Output each record below exactly. No images go in the copy.
──────── THE DATA ────────
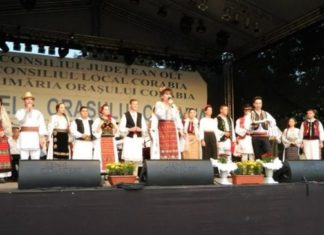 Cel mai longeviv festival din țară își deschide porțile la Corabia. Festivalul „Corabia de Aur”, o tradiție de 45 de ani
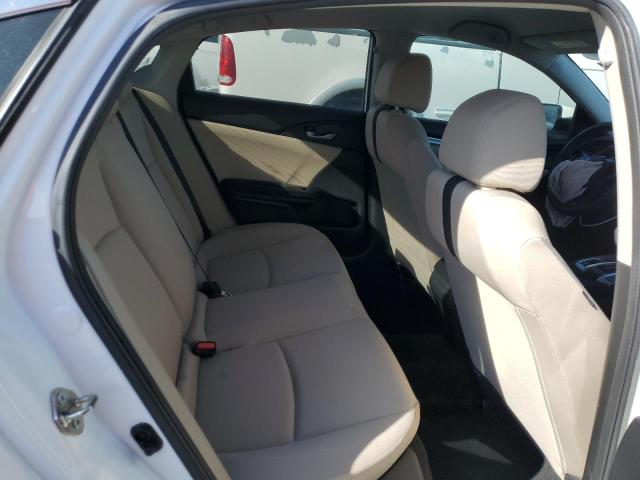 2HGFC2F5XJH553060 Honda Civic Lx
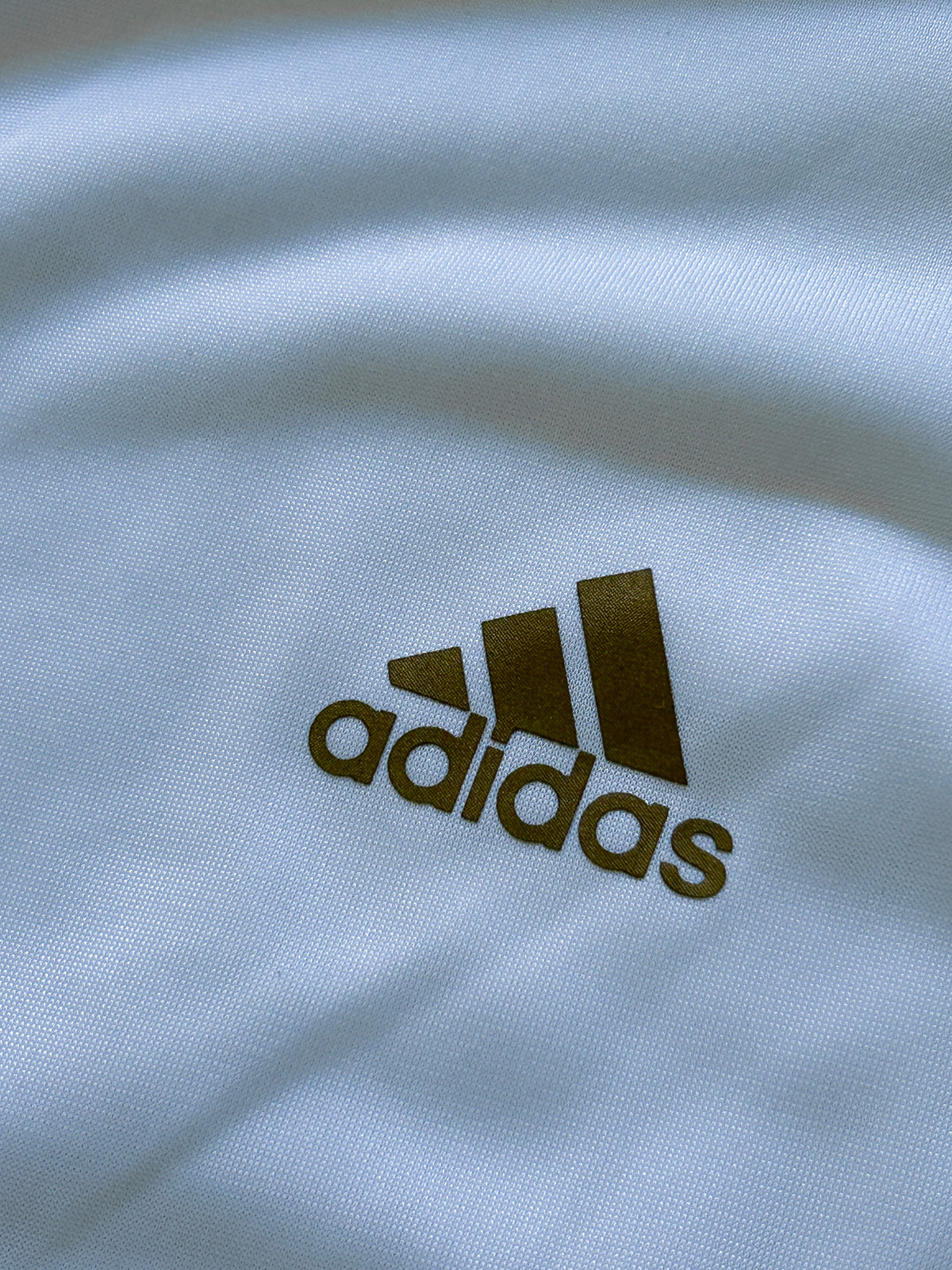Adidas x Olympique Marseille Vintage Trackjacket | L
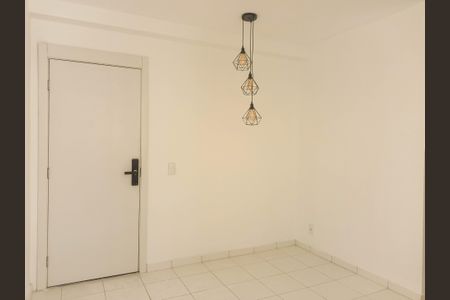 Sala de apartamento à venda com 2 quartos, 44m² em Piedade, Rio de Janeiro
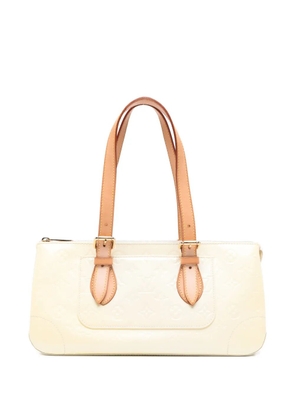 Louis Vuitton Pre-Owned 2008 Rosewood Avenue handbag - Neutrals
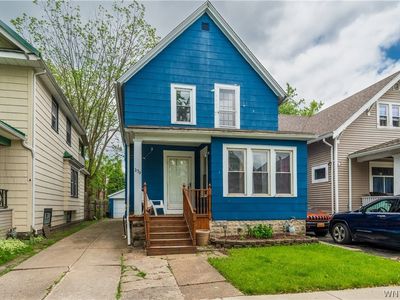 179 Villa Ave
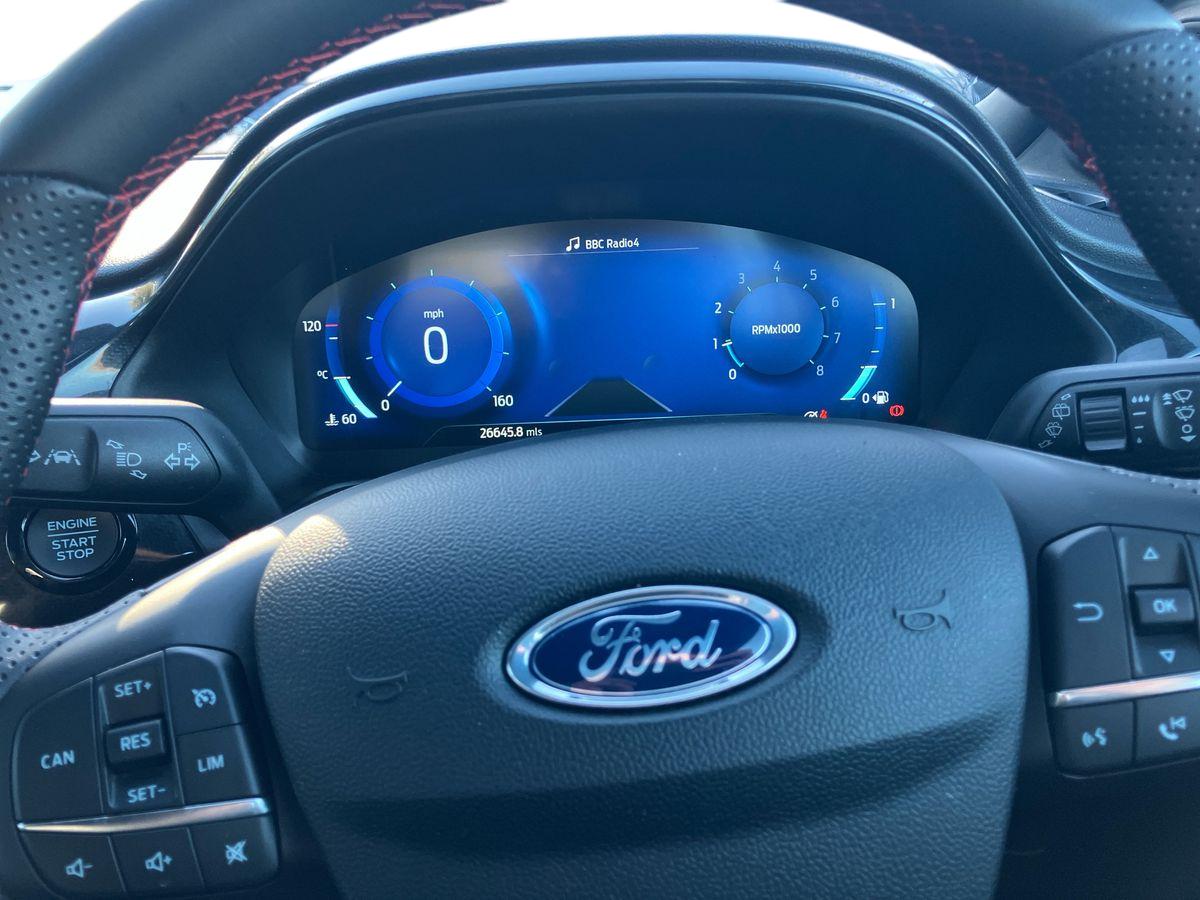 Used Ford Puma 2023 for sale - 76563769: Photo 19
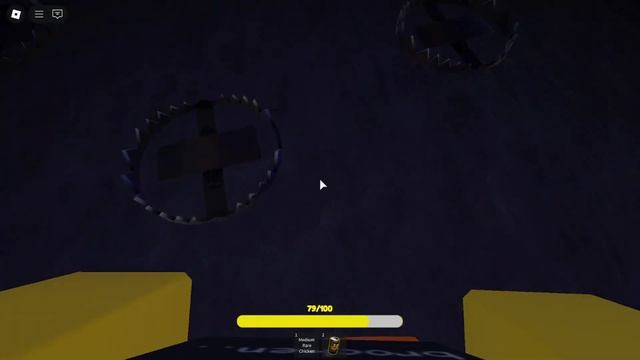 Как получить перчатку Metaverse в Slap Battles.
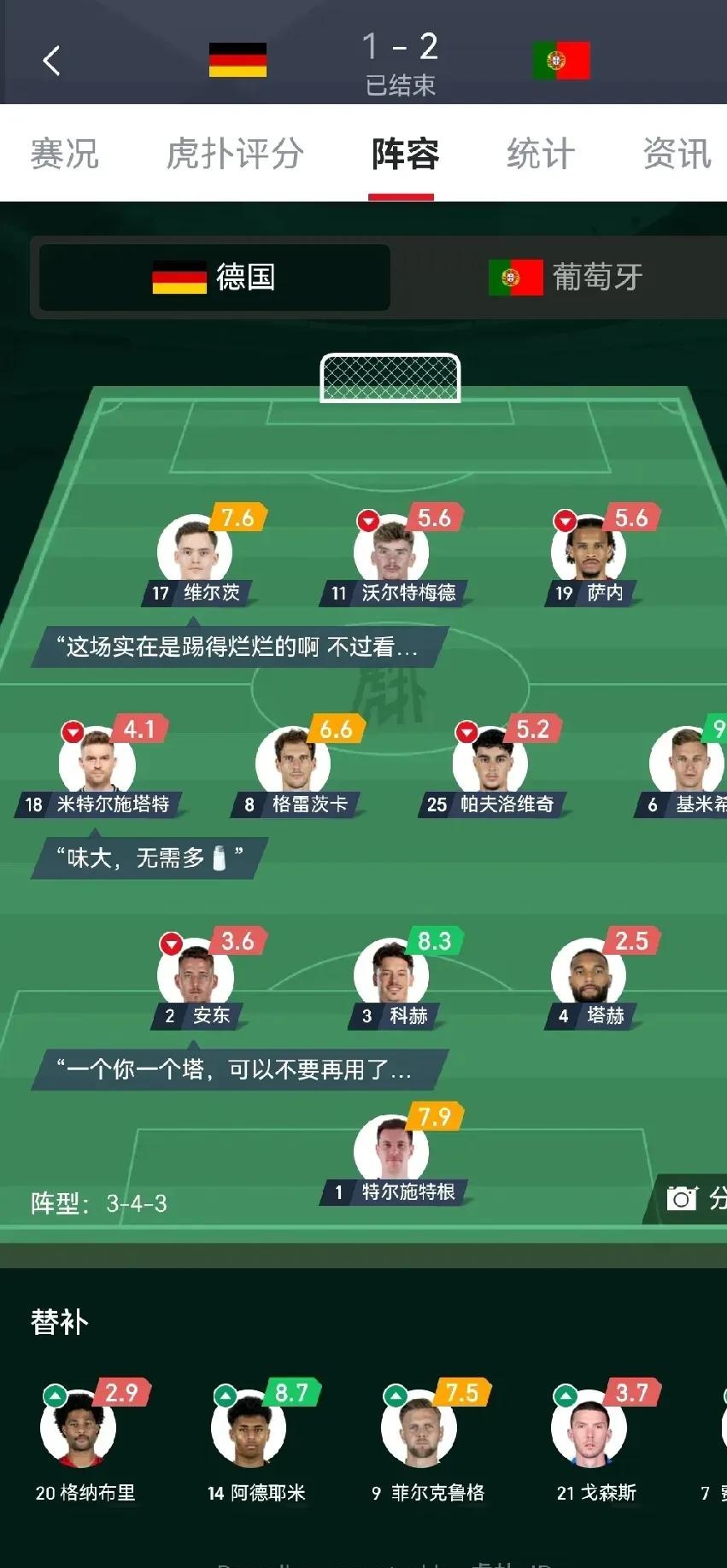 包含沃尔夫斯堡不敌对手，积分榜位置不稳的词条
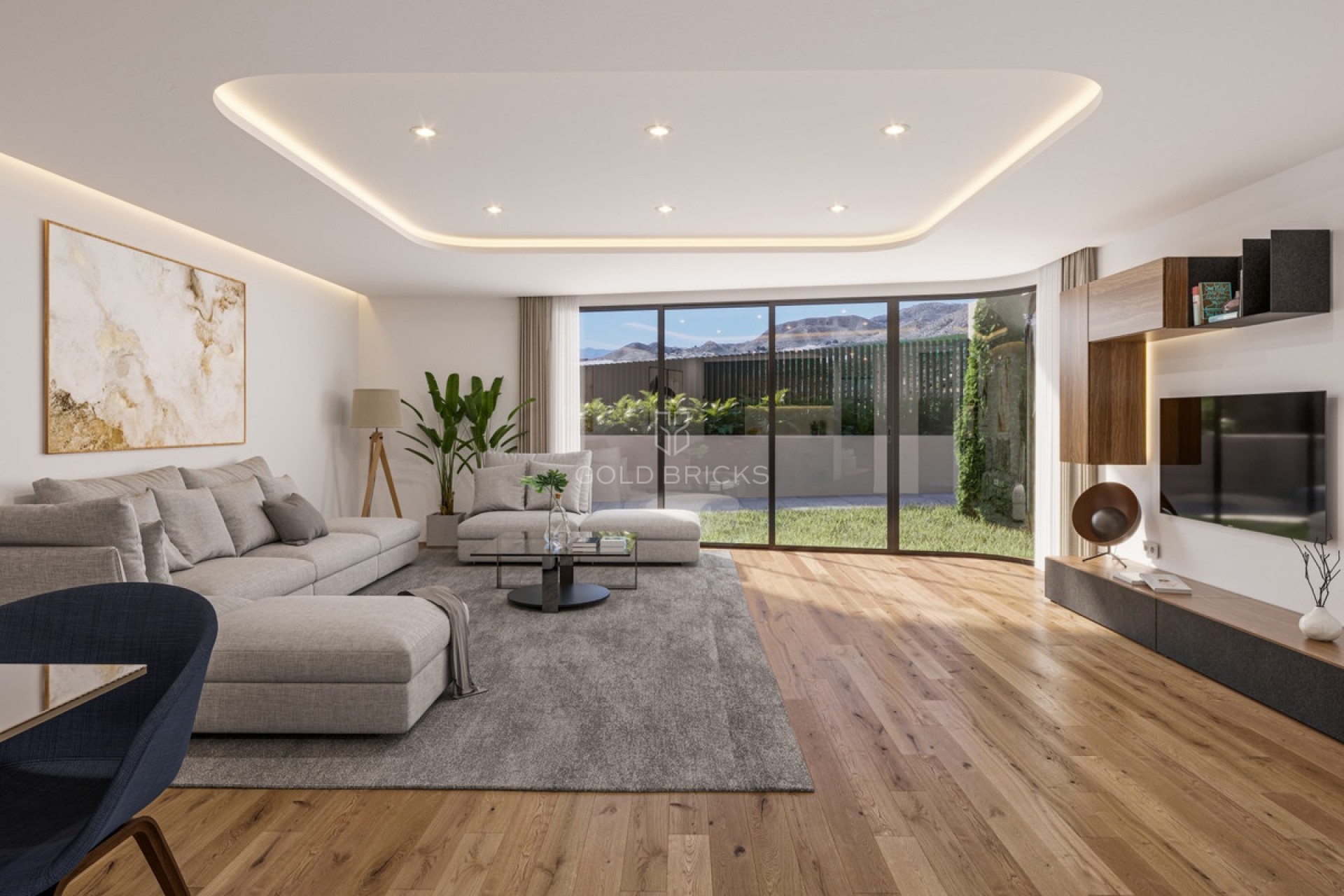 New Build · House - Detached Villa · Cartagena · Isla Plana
────────
ANSWER BELOW:
 Cel mai longeviv festival din țară își deschide porțile la Corabia. Festivalul „Corabia de Aur”, o tradiție de 45 de ani
 2HGFC2F5XJH553060 Honda Civic Lx
Adidas x Olympique Marseille Vintage Trackjacket | L
 Sala de apartamento à venda com 2 quartos, 44m² em Piedade, Rio de Janeiro
 Louis Vuitton Pre-Owned 2008 Rosewood Avenue handbag - Neutrals
 179 Villa Ave
 Used Ford Puma 2023 for sale - 76563769: Photo 19
 Как получить перчатку Metaverse в Slap Battles.
 包含沃尔夫斯堡不敌对手，积分榜位置不稳的词条
 New Build · House - Detached Villa · Cartagena · Isla Plana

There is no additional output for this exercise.